Mr Yottam Ottolenghi’s Christmas Dinner
Photograph by Mr Benjamin McMahon
Mr Ottolenghi, the chef-patron of the Ottolenghi delis and Nopi restaurant and writer of a weekly column in The Guardian’s Weekend magazine, knows a thing or two about what makes a good dinner. He has published five cookbooks, including Plenty; Plenty More and Ottolenghi: The Cookbook; and also shares his expertise on TV. Here, he offers the first recipe in a three-part series, serving up Christmas dinners that aren’t all about turkey.
“I’ve always preferred a Christmas table full of lots of smaller plates and dishes rather than the tradition of one enormous bird dominating the table, with her minion vegetable sides. So cooking poussins feels much more proportionate and attractive to me. They take a lot less time to cook as well. Flavour-wise, this is perfect for Christmas, especially with the cinnamon, and the oranges. The blood oranges are particularly special – that maroon colour and the hint of raspberry make them so lovely to look at and eat – but the dish works very well with regular navel or another sweet orange. The fruit’s sweet acidity both flavours the meat and cuts through its richness.”

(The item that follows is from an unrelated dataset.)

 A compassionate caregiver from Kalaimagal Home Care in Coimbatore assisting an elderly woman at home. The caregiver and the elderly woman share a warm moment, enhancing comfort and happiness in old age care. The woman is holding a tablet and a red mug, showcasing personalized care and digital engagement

Mr Yottam Ottolenghi’s Christmas poussins
- 4 whole poussins (2kg)
- 200ml blood orange juice (the juice from 3-4 oranges), plus 1tbsp finely grated orange zest
- 2 large onions, cut into 2cm-wide wedges (450g)
- 2½ tbsp pomegranate molasses
- 3tbsp red wine vinegar
- 2 large cinnamon sticks, broken in half (20g)
- 2 red chillies, sliced in half lengthways but with their stems held intact and seeds in
- 3tbsp olive oil
- 4 bay leaves
- 20g thyme sprigs
- Salt and black pepper
- 40g muscovado sugar, plus ¼tsp for the sliced oranges
- 2 blood (or 1 large regular) oranges – topped and tailed and sliced into 5mm rounds, skin on (250g)
- 1tbsp ghee or clarified butter
- 3tbsp coriander seeds
Place the poussins in a large bowl with all the remaining ingredients apart from the extra quarter teaspoon of sugar, orange slices, ghee and coriander seeds. Blood oranges look great here, if you can get them. The season is short, though, so use regular oranges if they aren’t around. Add one teaspoon of salt and some black pepper, mix well and leave to marinate for at least two hours or, preferably, overnight, stirring a few times to make sure that everything is well coated. Preheat the oven to 200°C.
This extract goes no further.